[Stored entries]
---

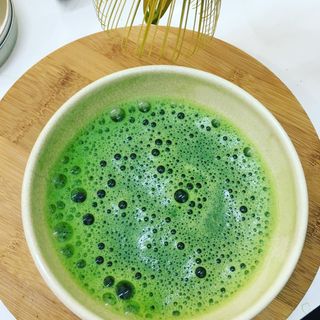 Armond Milk Matcha latte mandorle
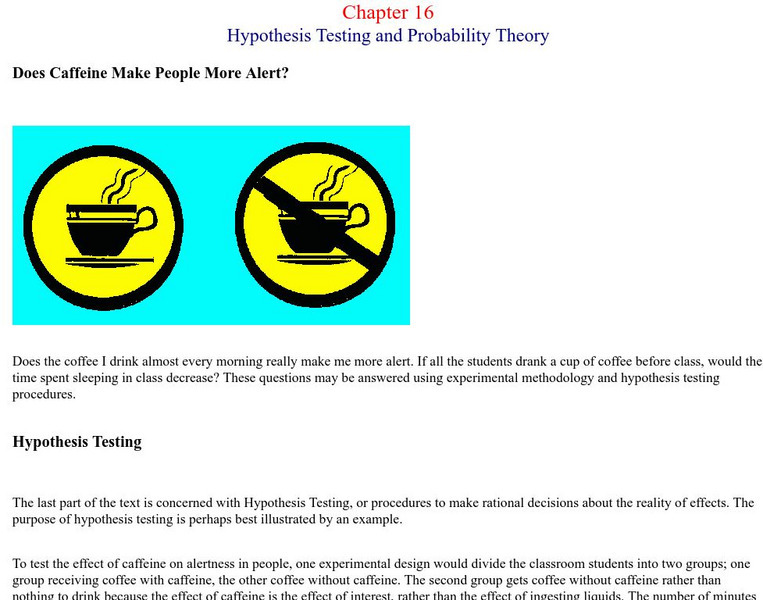 Missouri State University: Introductory Statistics: Hypothesis Testing eBook Missouri State University: Introductory Statistics: Hypothesis Testing eBook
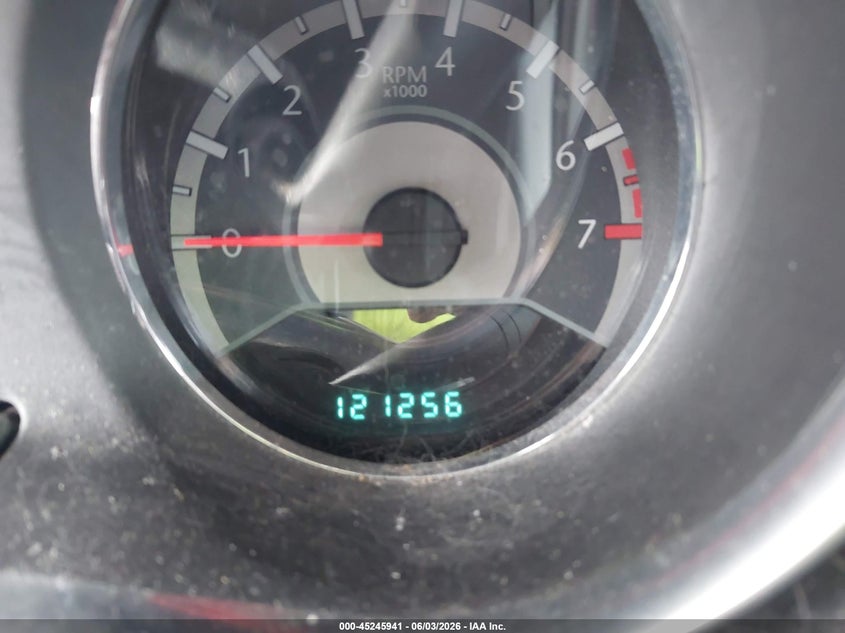 2012 Chrysler 200 VIN 1C3CCBCB2CN121623 IAAI salvage auction — RIGHT SIDE, Salvage Title, sold $950 on 2026-07-09 (photo 7)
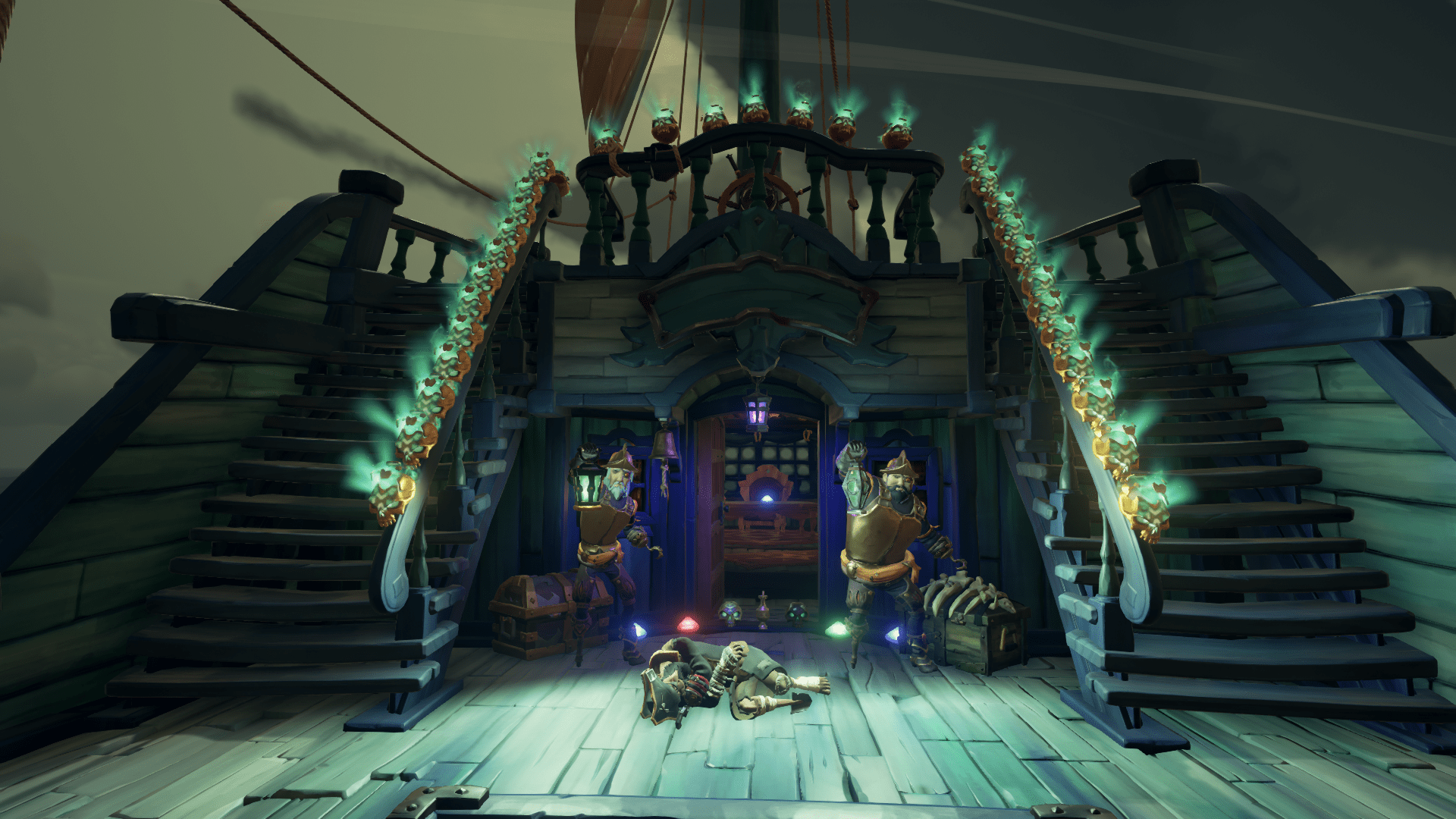 Sea Of Thieves Athena Chest Png
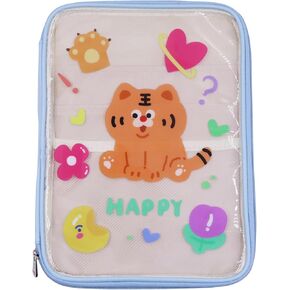 9-11 Inch Tablet Sleeve Case Fits for iPad Pro 11 inch Air 4 10.9 Galaxy Tab A8 10.5 Cute Protective Bag Carrying Case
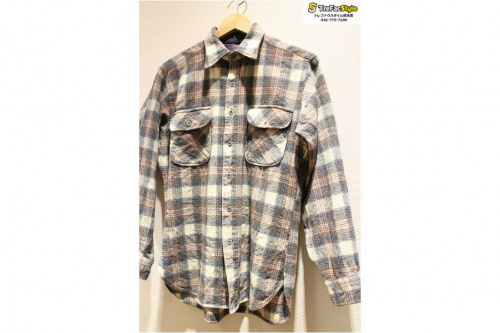 ヴィンテージアイテムのペンドルトン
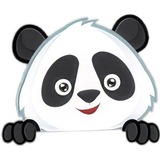 Логотип телеграм спільноти - Лебедин Сіті 🐼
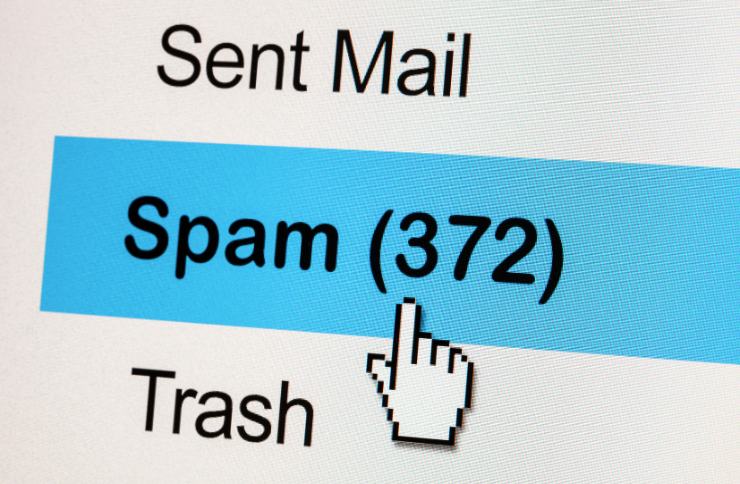 come ci si protegge dalle email spam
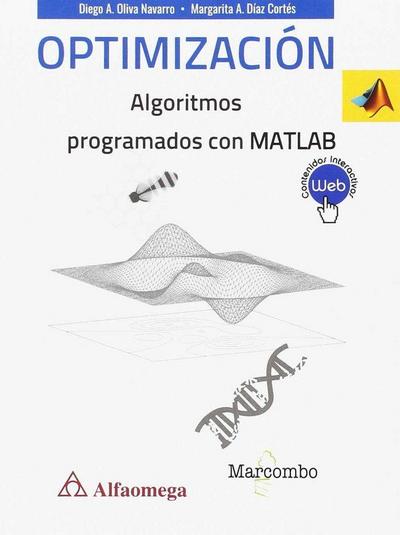 Optimización de algoritmos programados con MATLAB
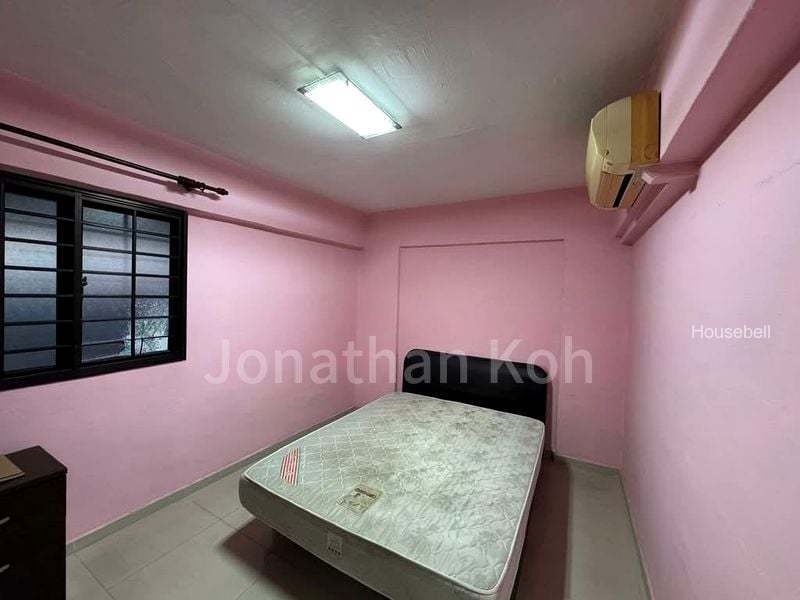 107 Yishun Ring Road, S$ 495,000, 1,011 sqft, 组屋 - 4 NG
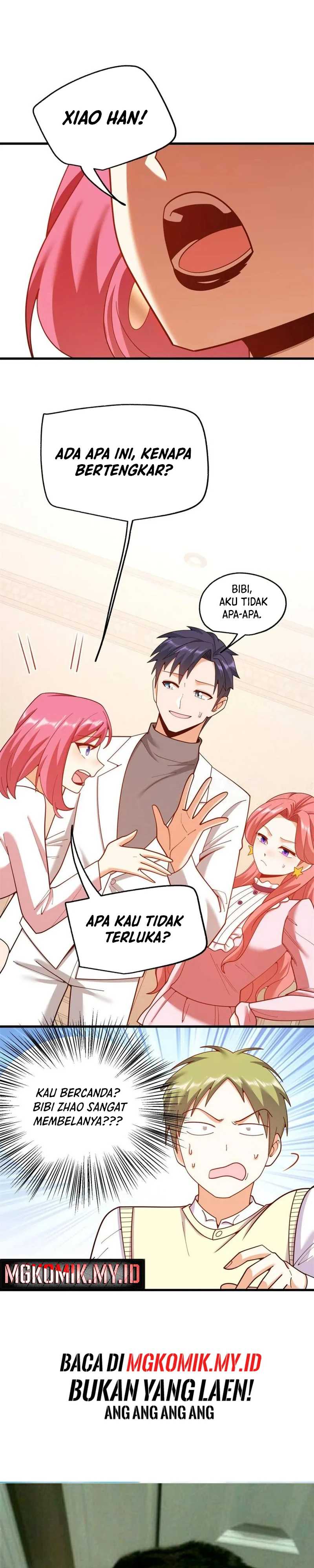 I Regressed to Level Up Instead of Being a Simp Chapter 225 Image 16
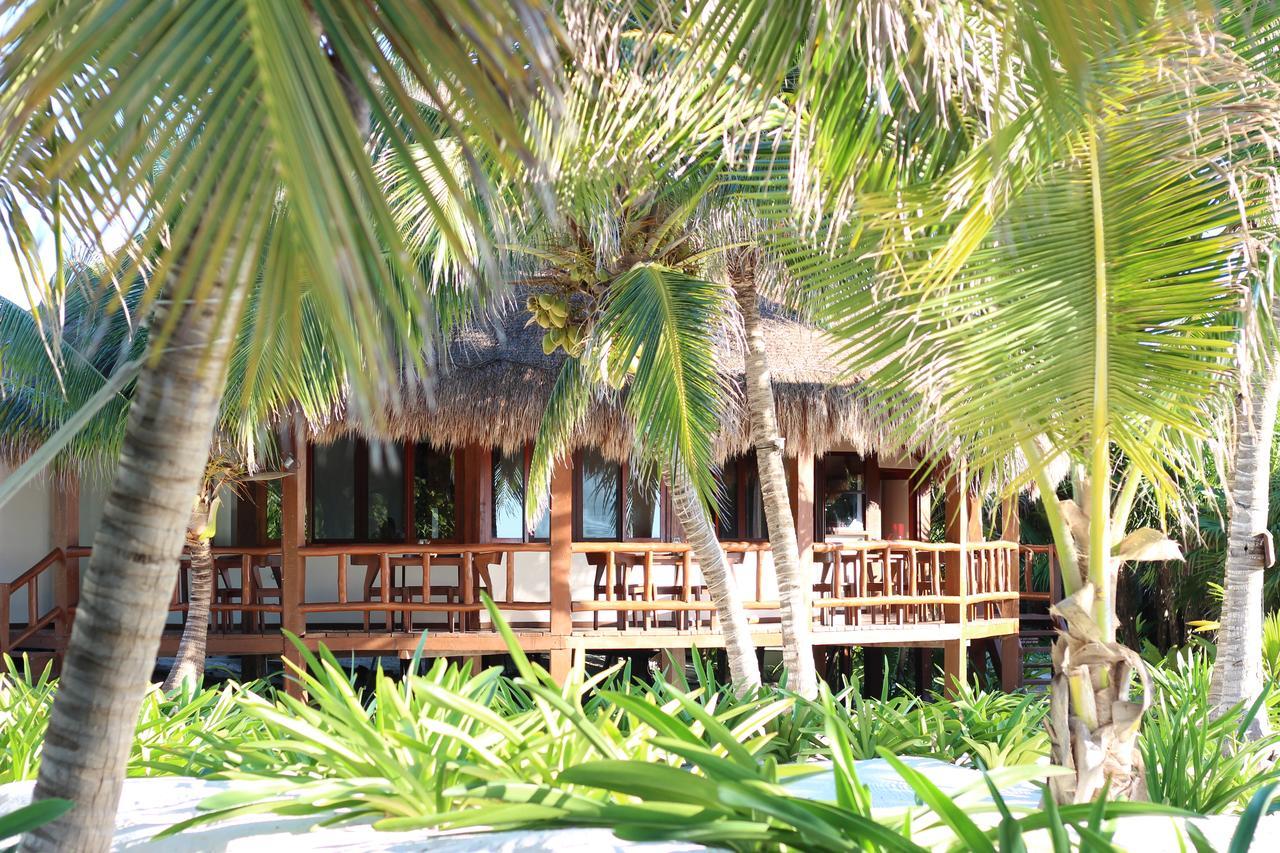 Casa Chable Hotel Punta Allen Exterior photo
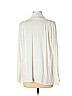 Theory White Cardigan Size L - photo 2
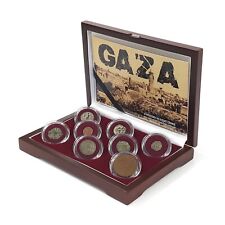 Gaza: A History in Eight Coins See Description   ED picture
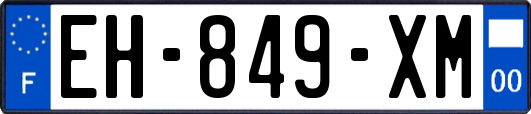 EH-849-XM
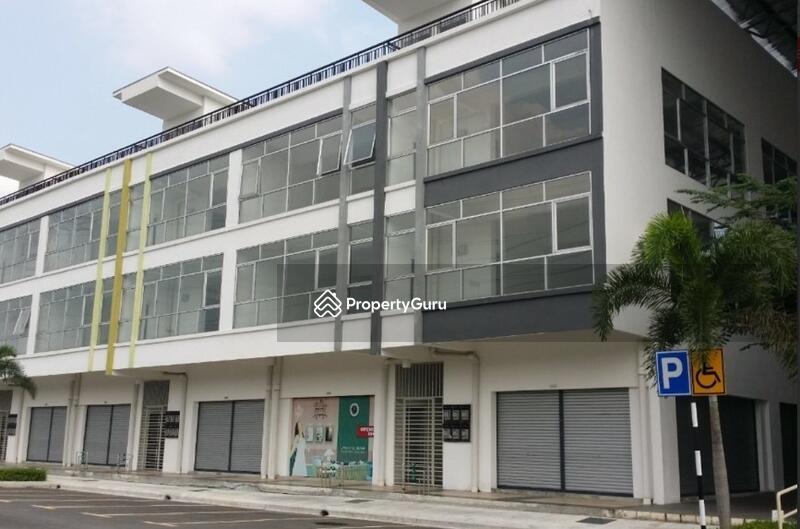 Untuk Dijual - Klang Sentral Commercial Centre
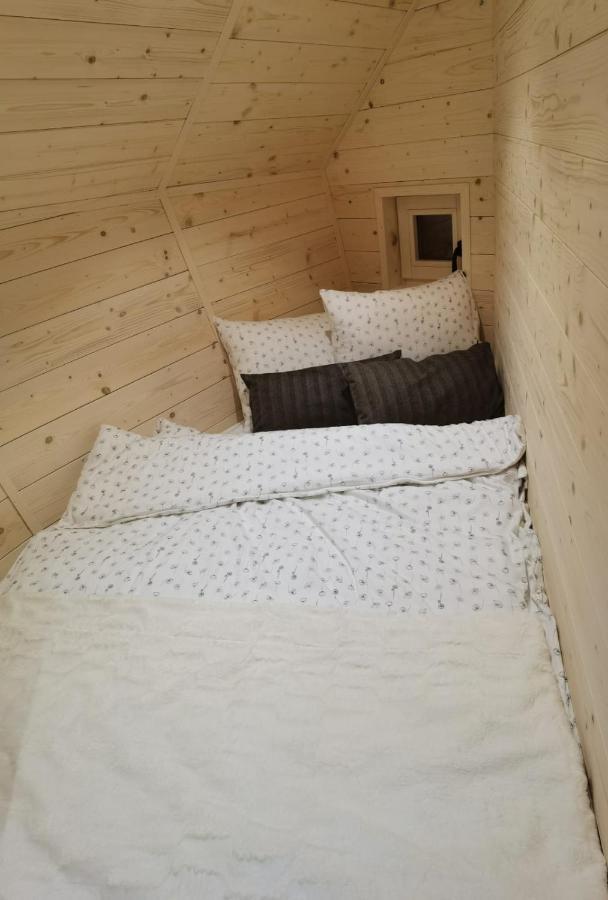 Chalet Velika Planina - I Feel Alps Стаховица Экстерьер фото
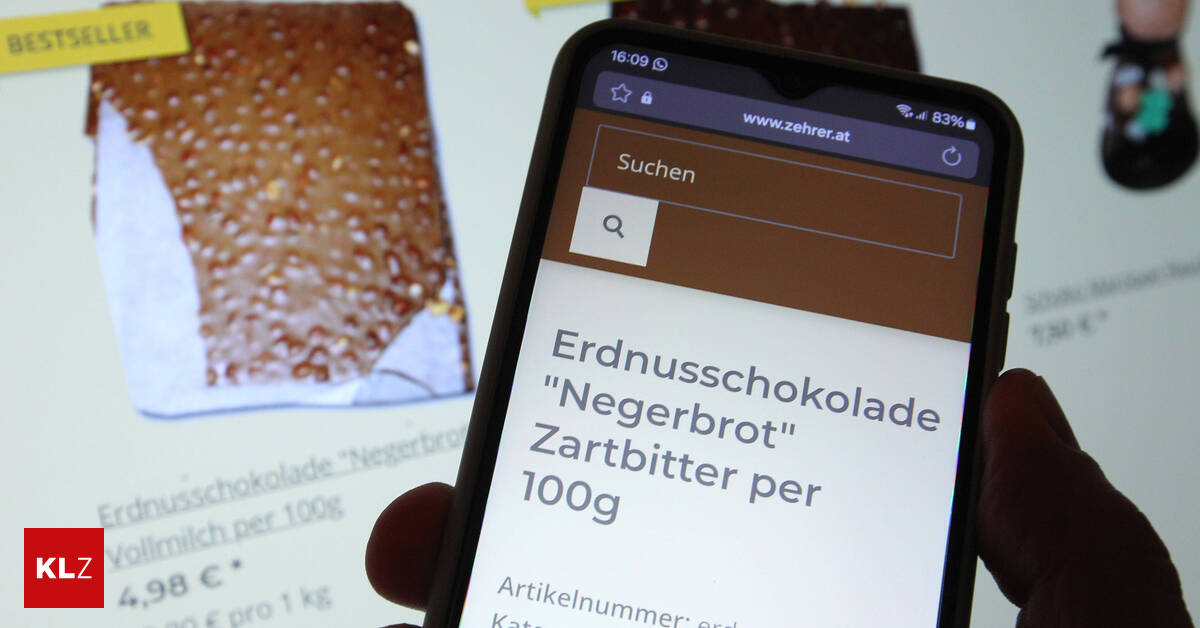 Denkzettel Wäre es so schwierig, einen anderen Namen für „Negerbrot“ zu finden? Der Name der Süßwarenspezialität aus dunkler Schokolade stößt einigen sauer auf. Vandalismus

---

## [WHAT TO PRODUCE]
Starting at the line where "9-11 Inch Tablet" appears, restate every line through the end of the records above exactly, but omit the pictures.

## [EXERCISE SOLUTION]
 9-11 Inch Tablet Sleeve Case Fits for iPad Pro 11 inch Air 4 10.9 Galaxy Tab A8 10.5 Cute Protective Bag Carrying Case
 ヴィンテージアイテムのペンドルトン
 Логотип телеграм спільноти - Лебедин Сіті 🐼
 come ci si protegge dalle email spam
 Optimización de algoritmos programados con MATLAB
 107 Yishun Ring Road, S$ 495,000, 1,011 sqft, 组屋 - 4 NG
 I Regressed to Level Up Instead of Being a Simp Chapter 225 Image 16
 Casa Chable Hotel Punta Allen Exterior photo
 Theory White Cardigan Size L - photo 2
 Gaza: A History in Eight Coins See Description   ED picture
 EH-849-XM
 Untuk Dijual - Klang Sentral Commercial Centre
 Chalet Velika Planina - I Feel Alps Стаховица Экстерьер фото
 Denkzettel Wäre es so schwierig, einen anderen Namen für „Negerbrot“ zu finden? Der Name der Süßwarenspezialität aus dunkler Schokolade stößt einigen sauer auf. Vandalismus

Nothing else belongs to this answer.